[Data segment]
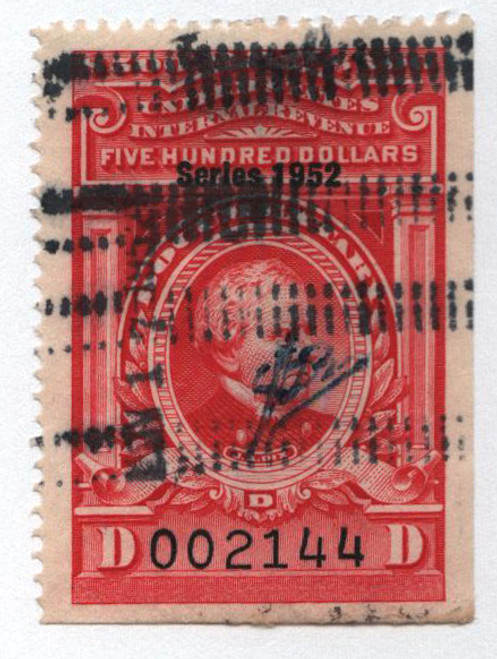 R615  - 1952 $500 US Internal Revenue Stamp - no gum, perf 12, carmine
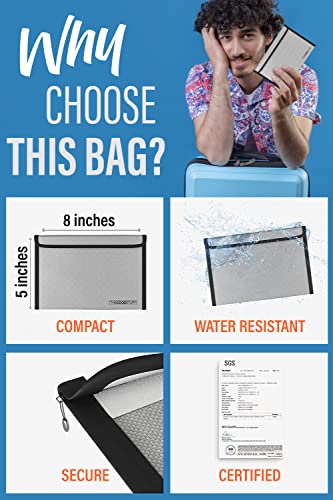 Fireproof Document Bag Envelope Size: 8" x 5" [2000°F – Grey] Fireproof Cash Bags with Zipper Small Water and Fire Resistant Money Bag for Cash Storage, Fireproof Bags for Cash Fire Proof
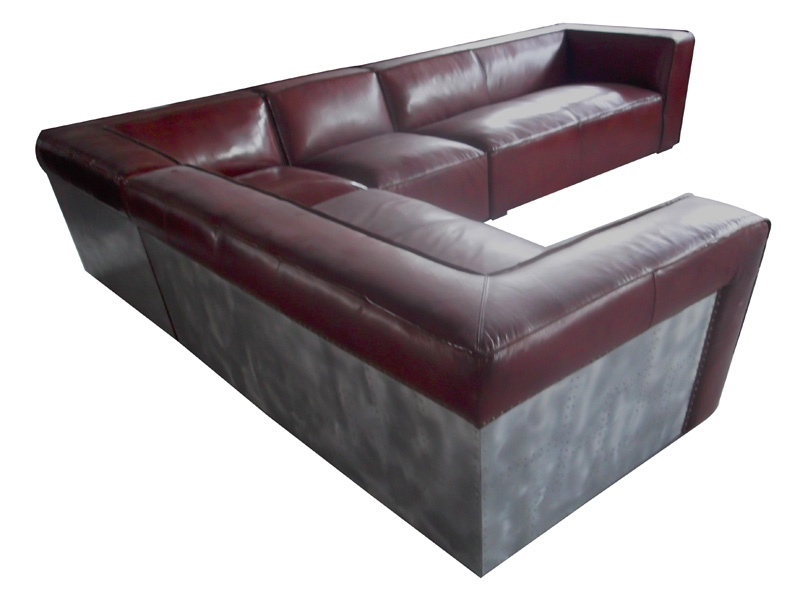 Vintage Leather Aviator Sectional Sofa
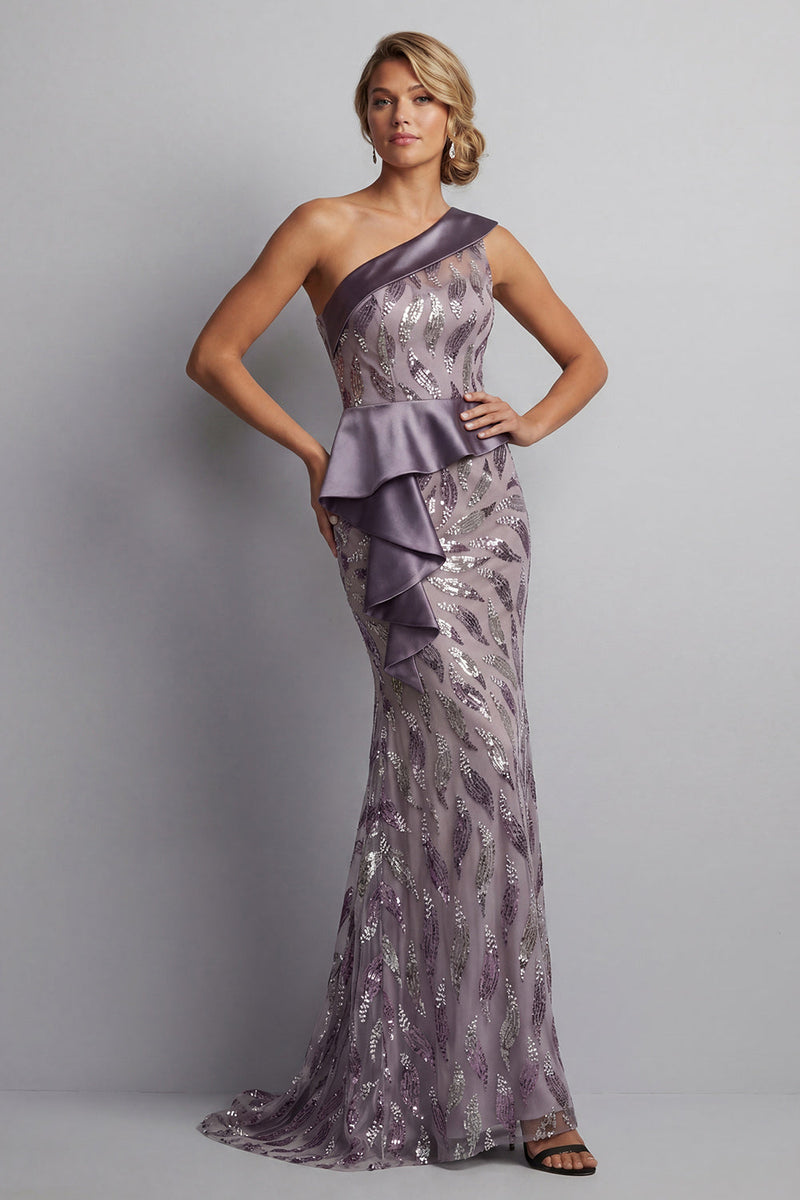 Load image into Gallery viewer, Sparkly Vintage Mauve Beaded Mermaid Long Formal Dress with Ruffles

[Task requirements] Copy every line above exactly, leaving no picture in the copy.

[Result]
 R615  - 1952 $500 US Internal Revenue Stamp - no gum, perf 12, carmine
 Fireproof Document Bag Envelope Size: 8" x 5" [2000°F – Grey] Fireproof Cash Bags with Zipper Small Water and Fire Resistant Money Bag for Cash Storage, Fireproof Bags for Cash Fire Proof
 Vintage Leather Aviator Sectional Sofa
 Load image into Gallery viewer, Sparkly Vintage Mauve Beaded Mermaid Long Formal Dress with Ruffles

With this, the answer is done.